## Requirement
Skip any image you find and restate the rest of the data word for word.

## Records to use

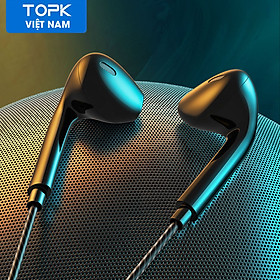 Tai Nghe Nhét Tai TOPK F20 Tai Nghe Micro Dây Bass Nặng Điều Khiển Kèm Micro Cho iPhone 6 Xiaomi OPPO Vivo - Hàng nhập khẩu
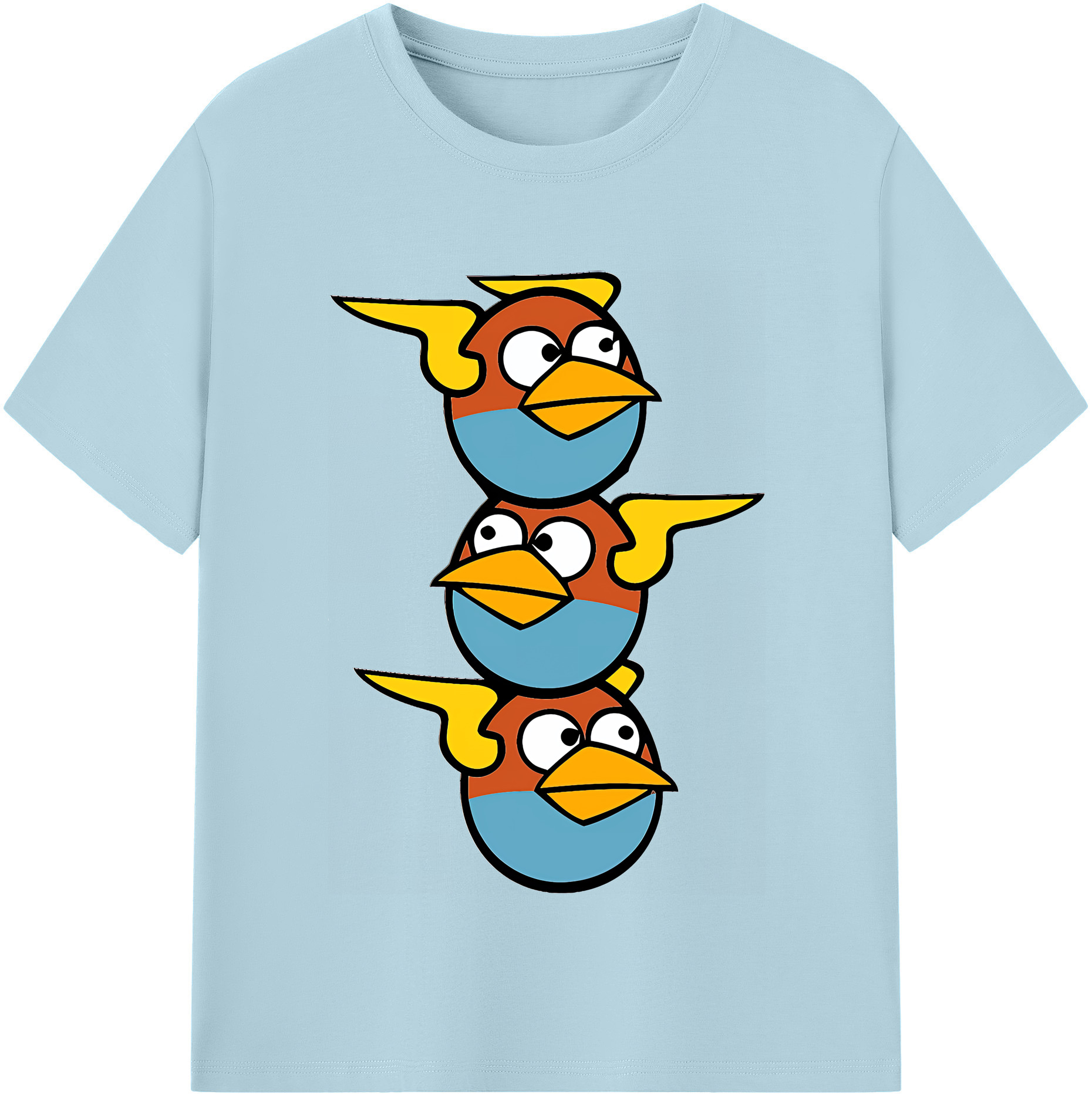 （画像用） Angry Birds アングリーバード 綿100％半袖Tシャツ（フロントプリント）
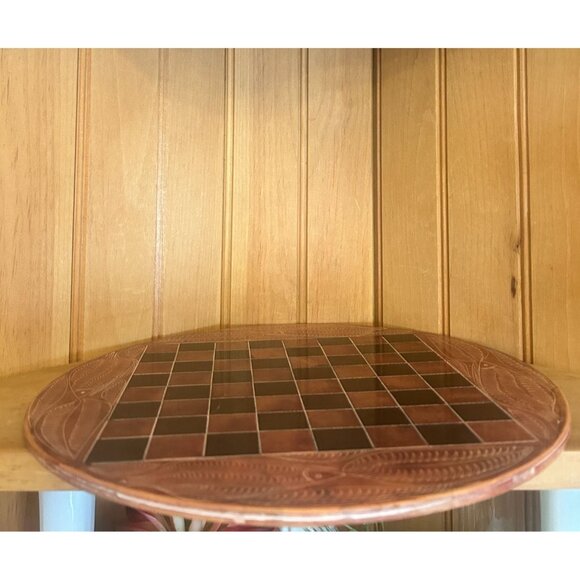 Vintage Soapstone Carved Fish Chessboard Unique Dark Black Brown Design - Picture 2 of 4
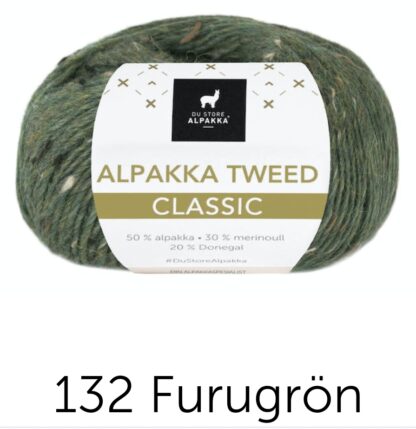 Alpacka tweed klassisk skogsgrön
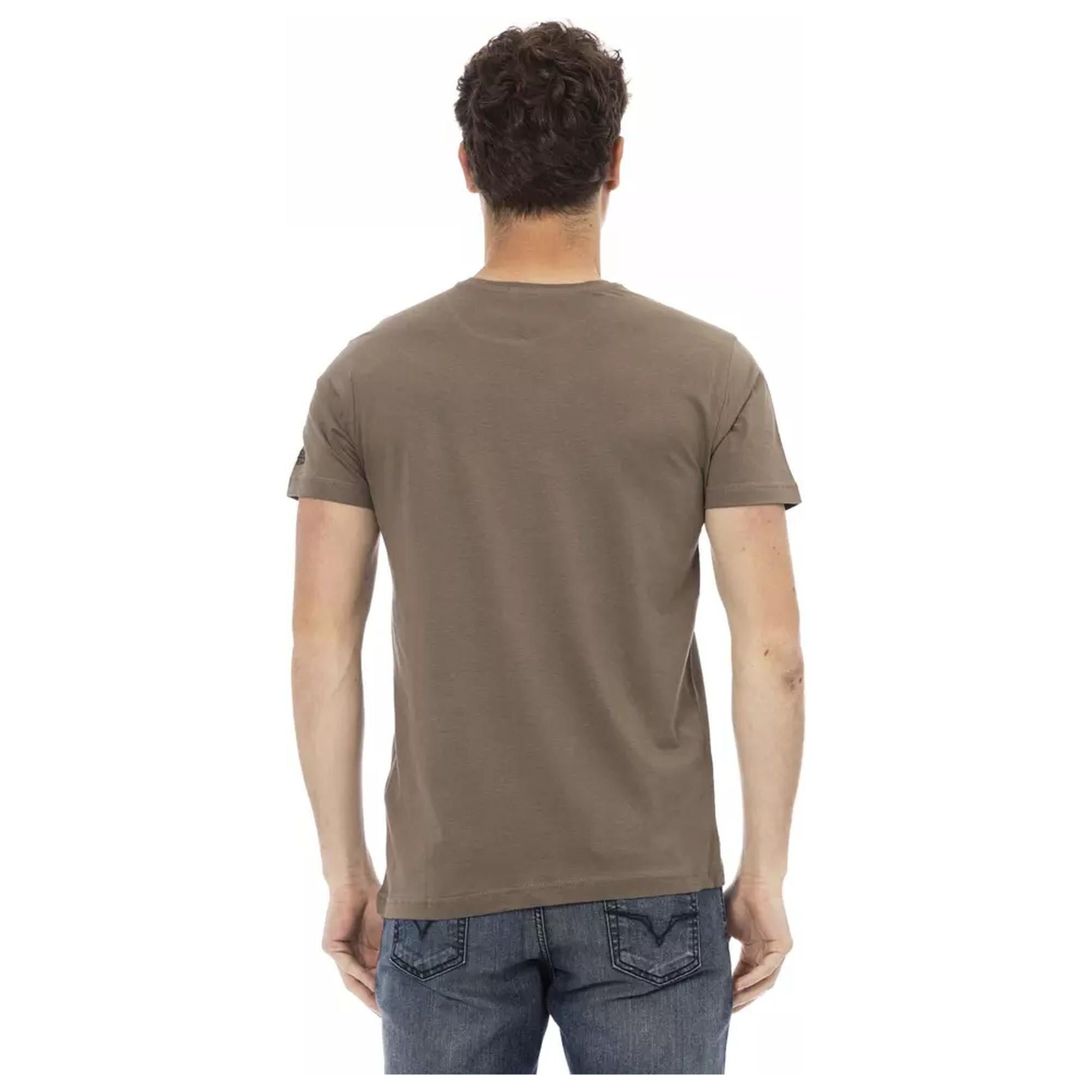 Short Sleeve Round Neck T-shirt with Front Print 3XL Men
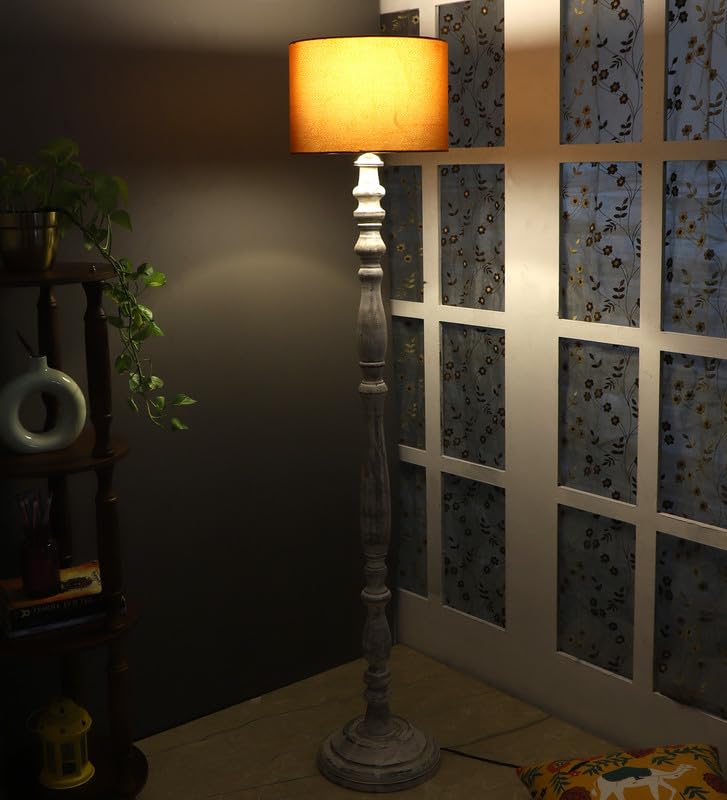 Image of tu casa Mango Wooden Floor Lamps with Black Shade for Home Decor, Bedrooms Corner, Living Room, Gifting, Diwali Decoration, Hall, Office, Study Room (Height: - 56 inch) - Bulb not Included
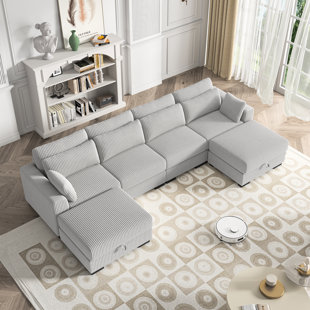SOMUBI 6-Piece 132.2" U-Shaped Symmetrical Upholstery Sectional Sofa With Movable Storage Ottomans, Corduroy Sofa Collection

## Result of this task
 Tai Nghe Nhét Tai TOPK F20 Tai Nghe Micro Dây Bass Nặng Điều Khiển Kèm Micro Cho iPhone 6 Xiaomi OPPO Vivo - Hàng nhập khẩu
 （画像用） Angry Birds アングリーバード 綿100％半袖Tシャツ（フロントプリント）
 Vintage Soapstone Carved Fish Chessboard Unique Dark Black Brown Design - Picture 2 of 4
 Alpacka tweed klassisk skogsgrön
 Short Sleeve Round Neck T-shirt with Front Print 3XL Men
 Image of tu casa Mango Wooden Floor Lamps with Black Shade for Home Decor, Bedrooms Corner, Living Room, Gifting, Diwali Decoration, Hall, Office, Study Room (Height: - 56 inch) - Bulb not Included
SOMUBI 6-Piece 132.2" U-Shaped Symmetrical Upholstery Sectional Sofa With Movable Storage Ottomans, Corduroy Sofa Collection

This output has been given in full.